Everything but the kitchen sink
Occupational hazard, but I look at an awful lot of websites - primarily B2B, primarily technology-related.
An awful lot.
And they can, in fact, be an awful lot.
Part of what makes so many of them so awful is that they’ve got way too much going on.
We’ve all gotten pretty much inured to the clutter of consumer-oriented, retail, and media sites. With time, you get used to where to click, when to search, and what to ignore (which is probably most of it). Need to know basis only, thanks!
But I’m surprised to see so many high-end B2B websites that fall into the TMI trap.
It’s one thing to have a lot of information available via drill downs and/or downloads, but home pages should be pretty straightforward, shouldn’t they?
They should say:
- What the company does
- Who they do it for
- What the folks they do it for get out of it
This is, of course, easier said than done, especially with companies that have multiple audiences and multiple products. But there should still be some clean, clear, concise expression about what you do - an umbrella message that all those multiple audiences and multiple products fall under. And, hopefully, that umbrella message will not be so broad and vague that the prospective customer comes away scratching her head, going, "I think they do something for somebody, but I’m not quite sure what or who."

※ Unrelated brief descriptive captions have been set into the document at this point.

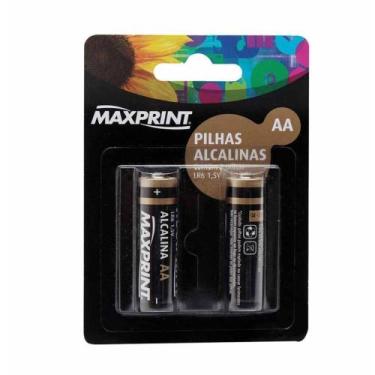 Imagem de Pilha aa alcalina 1,5v 75633-9 / 2un / maxprint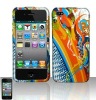 For iphone 4/4S Orange rainbow design cover for iphone 4/4S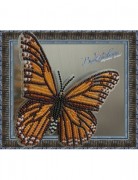 Набор для вышивки бисером на прозрачной основе Бабочка Данаида Монарх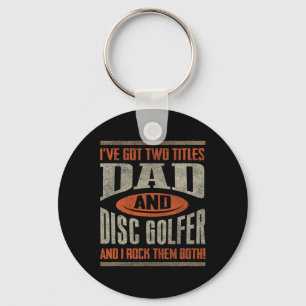 Llavero Camiseta divertida de golf con disco para papá día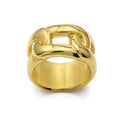 Luxury Design Gold Ring Exaggerated Thick Ring Jewelry Finger Gold Ring Female Party Gift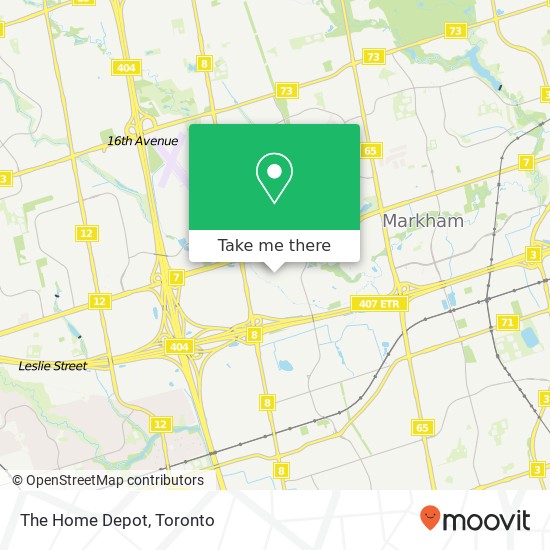 The Home Depot map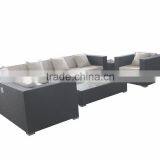 7-Piece Outdoor PE Rattan Wicker Sectional Patio Sofa Chair Set thumbnail-1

If you have those multiple products and audiences, please organize your home page so that someone coming there for the first time knows where to go - and that shouldn’t be to your competitor’s site.
Another trap that I’ve noticed on websites is catchy-catch-phrase-itis.
Me, I love a good, catchy phrase, an interesting tag line. I like clever. I like humor. I like words.
But when I see more than one tag line, I have to ask myself whether the company has an identity crisis going on. Are you the folks that treat your customers right, or the bargain hunter’s paradise? Are you the nothing’s-more-important-than-quality people, or the nothing’s more important than speed?
By all means, create compound catch phrases and taglines. You may be the cheap-o depot that still manages to keep your customers smiley-face happy. Anything’s possible. But I don’t want to read under your logo "Customers ‘r’ us," only to have a headline further down the page screaming, "SAVE BIG BUCK$!"
It all seems so obvious to say that just because you have everything but the kitchen sink doesn’t mean you need to put it up on your home page. But it’s obviously not all that obvious, given some of the websites I see on my day in day out trudge around the ‘net.